A análise parte de três processos distintos: encoding é a representação paramétrica de um fato; recall é a recuperação desse fato sem pistas externas; recognition é identificar o fato correto entre alternativas. Para sustentar o framework, os autores criaram o WikiProfile, um benchmark com 2.150 fatos derivados da Wikipédia, cada um pareado com dez perguntas que testam os três processos.
Cada fato é classificado em um de cinco perfis: falha de codificação, falha de recall, recall direto, recall com raciocínio e inferência sem codificação. O resultado central: os modelos codificam quase todos os fatos, mas têm dificuldade para recuperar boa parte deles. São chaves perdidas, não prateleiras vazias.
Contexto
Métricas tradicionais de acurácia tratam da mesma forma um modelo que nunca aprendeu um fato e um modelo que aprendeu mas não consegue acessá-lo. Essa indistinção esconde limitações diferentes e, principalmente, intervenções diferentes. Se o problema é codificação, a resposta seria escalar o modelo ou ampliar a cobertura de dados. Se é recall, a resposta está em métodos de pós-treinamento e de inferência que ajudem o modelo a usar o que já codificou.

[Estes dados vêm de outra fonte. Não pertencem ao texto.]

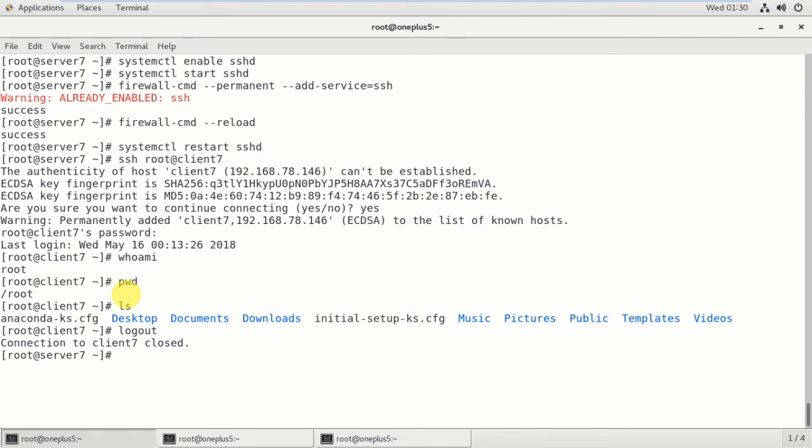And if you type Ctrl+D, the connection to client7 is closed. Now you are back to your server machine. So in this way you can configure the SSH server and you can remotely login to the client machine. So this is the SSH server.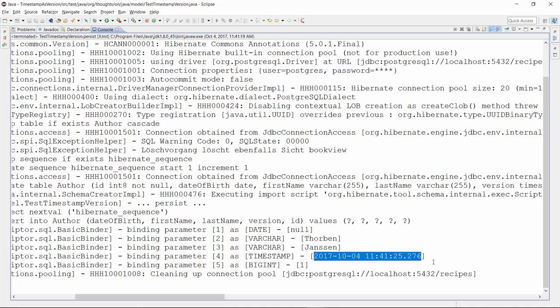But please be aware that it has a few drawbacks. The JVM usually doesn't provide the timestamp with millisecond accuracy, and Hibernate cannot detect two concurrent updates that are executed at the same millisecond. And if you scale your application horizontally, you need to keep the timestamp of all instances in sync.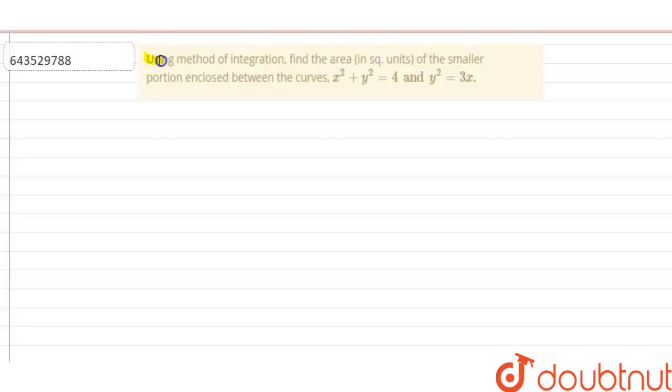The question is: using the method of integration, find the area in square units of the smaller portion enclosed between the curves x² + y² = 4 and y² = 3x.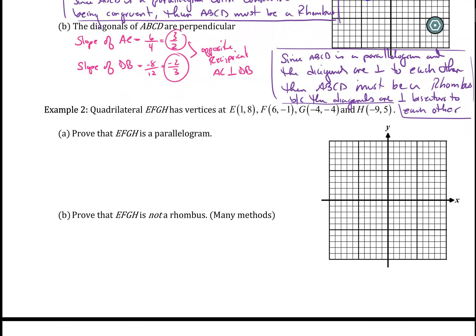For example number two, we're asked to prove that we have a parallelogram. Let's plot the points first: E at (1, 8), F at (6, -1), G at (-4, -4), and H at (-9, 5). Connect the dots to get a visualization. This part should be a refresher from our previous videos. Pause the video and try this one yourself using any one of the four options for parallelogram. Personally, I like showing that the diagonals bisect each other — I think that's the fastest way.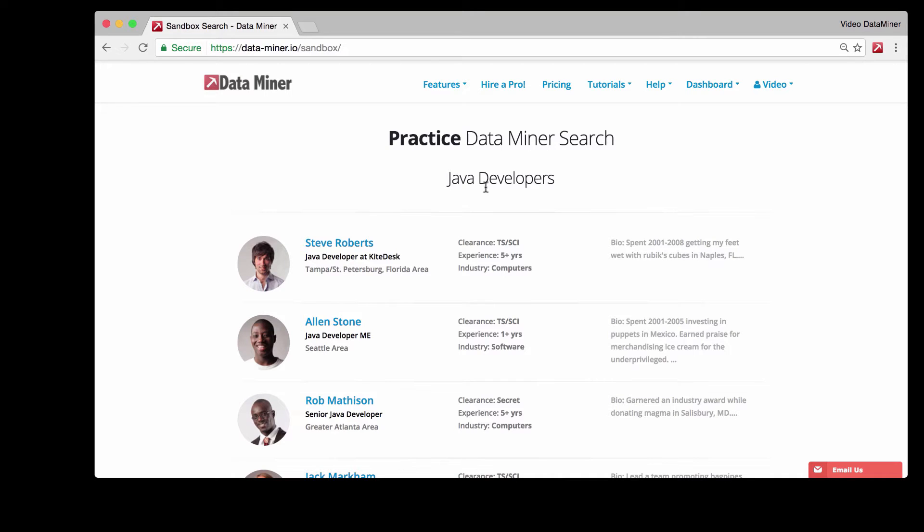Hi, this is Zach from Dataminer and this is a quick video to walk you through how to download full images from web pages with Dataminer.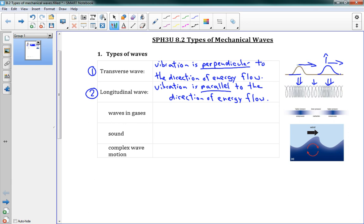And again, that energy is traveling along here. But you can see that compression and expansion is also in the horizontal direction. So this wave is traveling through that medium in the same direction as the energy is traveling. So those are two types of waves: transverse and longitudinal.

A analogia do título resume o argumento: prateleiras vazias (encoding failures) versus chaves perdidas (recall failures). O artigo sustenta que muitos erros factuais em LLMs são melhor compreendidos como perda de chaves.
Por que importa
A distinção muda a prioridade de quem desenvolve ou opera modelos. Se a maioria dos erros factuais vem de recall, treinar modelos cada vez maiores ou adicionar mais dados não é necessariamente o caminho mais eficiente. Técnicas de inferência que eliciam computações intermediárias antes da resposta final — como chain-of-thought — passam a ser parte central da solução.

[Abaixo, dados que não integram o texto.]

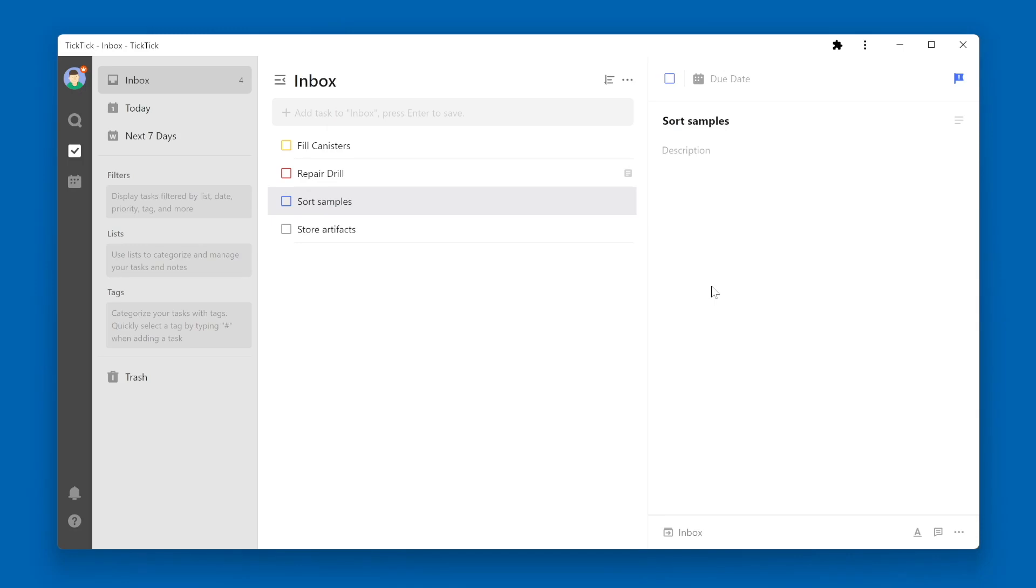One option TickTick gives you is the ability to add a checklist into a task description. Select a task, then go over to the task details pane.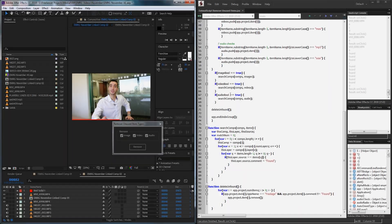Hello everyone and welcome to this week's After Effects scripting tutorial. Today we're going to be creating a remove unused item type script. This already exists inside of After Effects but we're going to create a more detailed version.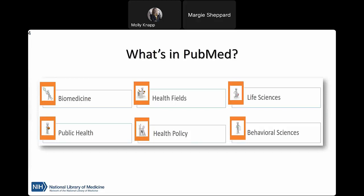PubMed is the National Library of Medicine's free authoritative database of more than 36 million citations for articles in biomedicine and health, with a focus on original scientific research. It's used by over 3 million unique users every day, including clinicians, researchers, students, librarians, and the general public. You can use PubMed to find a specific article, find articles by a particular author, familiarize yourself with a topic, or find patient education handouts.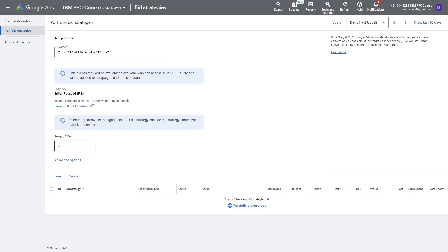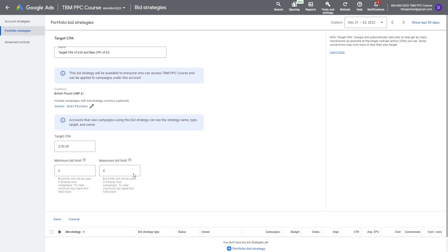Now you can set your target CPA as you normally would — let's go with £30 as mentioned. Underneath that you have Advanced Options. Click Advanced Options and this is where you set your max CPC bid limit. You can set a minimum bid and a maximum bid. The minimum bid limit isn't necessarily as important — it won't apply to the display network — unless your campaigns aren't getting visibility and you want to force Google to bid higher. But the maximum bid limit constraint is the key part here: if you set your max bid limit, Google can't go over it even though it's working towards a target CPA.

Para empresas que usam APIs de LLMs, inclusive no Brasil, o estudo oferece um critério mais preciso para decidir entre trocar de modelo ou investir em camadas de pós-processamento e raciocínio.
Impacto
No curto prazo, o knowledge profiling dá a pesquisadores um diagnóstico mais informativo do que a acurácia por pergunta: muda a unidade de análise de questões individuais para o estado do fato. No médio prazo, o framework pode redirecionar investimentos em pesquisa — do scaling para o desenvolvimento de métodos que melhorem a acessibilidade do conhecimento já armazenado. O WikiProfile, com seus 2.150 fatos, oferece uma base mensurável para comparar modelos nessa dimensão.
O que muda
Em vez de perguntar se o modelo acertou uma questão específica, pergunta-se qual é o estado do fato: está codificado? É recuperável diretamente, apenas com raciocínio, ou não foi recuperado? Esse perfil por fato permite distinguir, por exemplo, um modelo que erra por falta de conhecimento de um que erra por falta de acesso ao que sabe.
O que vem agora
O post não detalha os próximos passos do framework nem prazos de disponibilização do WikiProfile. A direção implícita é aplicar o knowledge profiling a mais modelos e domínios, e desenvolver métodos de pós-treinamento e inferência que reduzam as falhas de recall — o gargalo que o estudo identifica como central para a factualidade paramétrica.